Spotting warning signs when shopping for a vehicle

Published On
March 25, 2024

We hear a lot about red flags when dating these days, but don’t often hear about red flags when purchasing a vehicle. Buying a car is a significant investment, both financially and practically being a knowledgeable consumer is crucial to avoid falling prey to fraud.

The most important step you can take to avoid becoming a victim of fraud when purchasing a vehicle is to buy from a registered dealer. When you buy from registered dealers, you benefit from protection under the Motor Vehicle Dealers Act (MVDA) and the Consumer Protection Act. Essentially, this means that registered dealers and their salespeople must comply with Ontario legislation to ensure the safety of car buyers.

Those who opt to buy vehicles privately or from illegal sellers known as “curbsiders” are not protected by the Ontario Motor Vehicle Industry Council (OMVIC), our compensation fund, or the MVDA, as these entities do not oversee private vehicle sales.

There are serious risks when purchasing a vehicle privately, whether it’s from Facebook Marketplace, Kijiji, an online seller or a curbsider. These vehicles can be misrepresented, stolen or unsuitable to drive. If you decide to buy privately, we recommend following these tips to help avoid purchasing a lemon or becoming a victim of fraud.

Protecting yourself from fraudulent motor vehicle sales activity

Incomplete or altered documentation: Be cautious if the seller cannot provide complete and unaltered documentation for the vehicle, including the vehicle permit and maintenance records. Inconsistencies or missing information could indicate illegal activity.

Suspiciously low prices: If the price seems too good to be true, it probably is. Extremely low prices compared to market value may indicate that the vehicle is stolen, salvaged, or has undisclosed issues.

Refusal to allow inspections or test drives: Legitimate sellers should allow potential buyers to inspect the vehicle thoroughly and take it for a test drive. Always have the vehicle inspected by a licensed mechanic – one you trust. A mechanic may find problems the seller did not disclose or know about. If the seller resists, walk away. Should the seller refuse or makes excuses, it could be a sign that they are hiding something about the vehicle’s condition.

Pressure tactics or urgency: Be wary of sellers who use high-pressure sales tactics or create a sense of urgency to rush you into making a decision.
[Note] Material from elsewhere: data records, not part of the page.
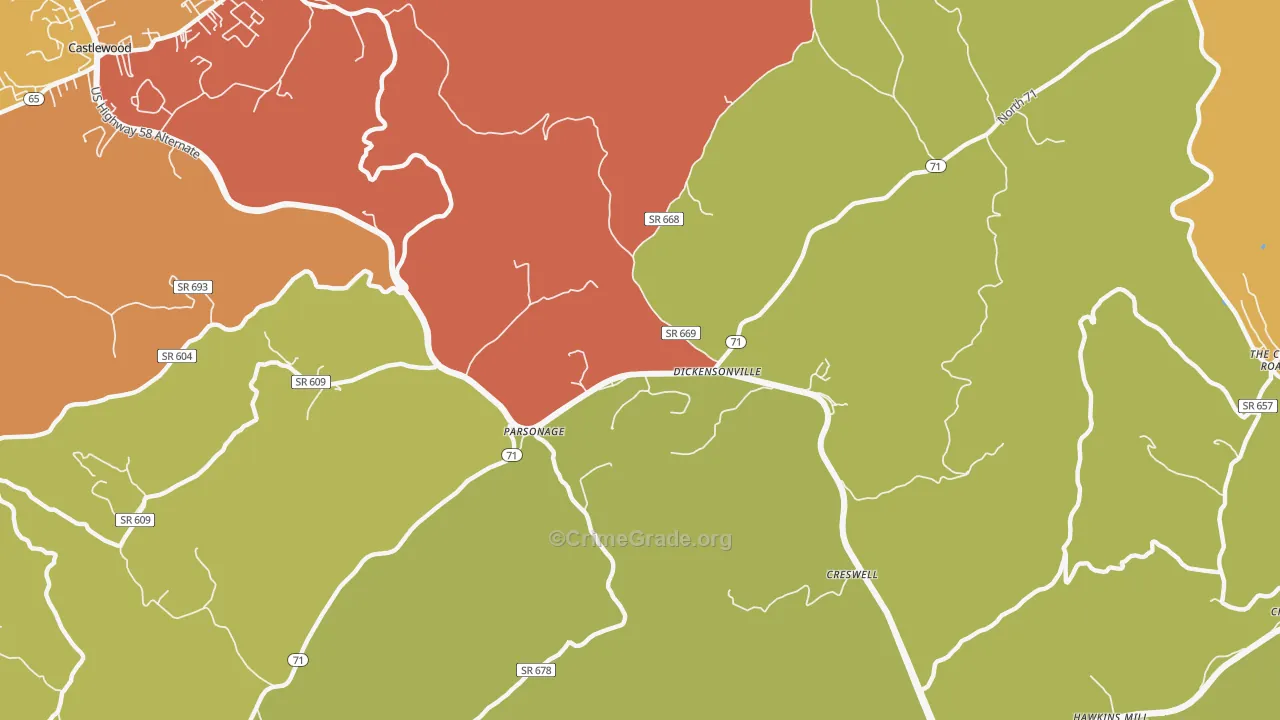 Dickensonville, VA Map of Drug-Related Crime Rates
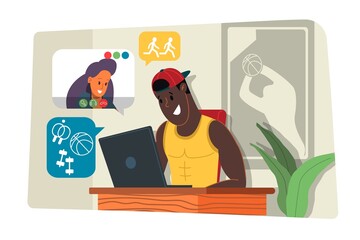 Webinar vector Illustration, online meeting concept, work from home, flat design. Video conferencing, teleworking, social distancing, business discussion. Character talking with colleagues online.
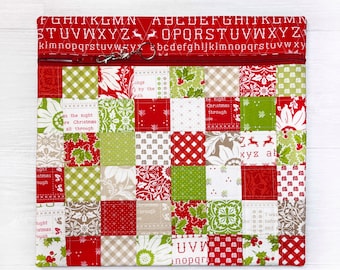 Christmas Cross Stitch Project Bag with Christmas Stitched fabric from Fig Tree, XL Patchwork Quilted Project Bag fits 11x11 QSnap or Hoop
This could be a tactic to prevent you from thoroughly evaluating the vehicle or conducting due diligence.

Lack of vehicle history information: A legitimate seller should be able to provide a comprehensive vehicle history report, including information about previous accidents, repairs, and ownership history. If this information is unavailable or inconsistent, proceed with caution. Always consider purchasing vehicle history report as it will provide a valuable information about the vehicle. All private vehicle sellers must provide the purchaser with a Used Vehicle Information Package (UVIP). A buyer can also purchase a UVIP either prior to the sale or at time of registering the transfer of the vehicle at a Service Ontario centre.

Cash-only transactions or untraceable payment methods: Be cautious if the seller insists on cash-only transactions or payment methods that cannot be traced, such as wire transfers or cryptocurrency. These methods may be used to avoid detection of illegal activity.

Unwillingness to meet in public places: If the seller refuses to meet in a public place or insists on conducting the transaction in a secluded location, it could be a red flag for illegal activity. Always prioritize safety and conduct transactions in well-lit, public areas.

Trust your instincts: Ultimately, trust your instincts and gut feelings. If something feels off or too good to be true, it’s better to walk away from the deal and avoid potential legal or financial consequences.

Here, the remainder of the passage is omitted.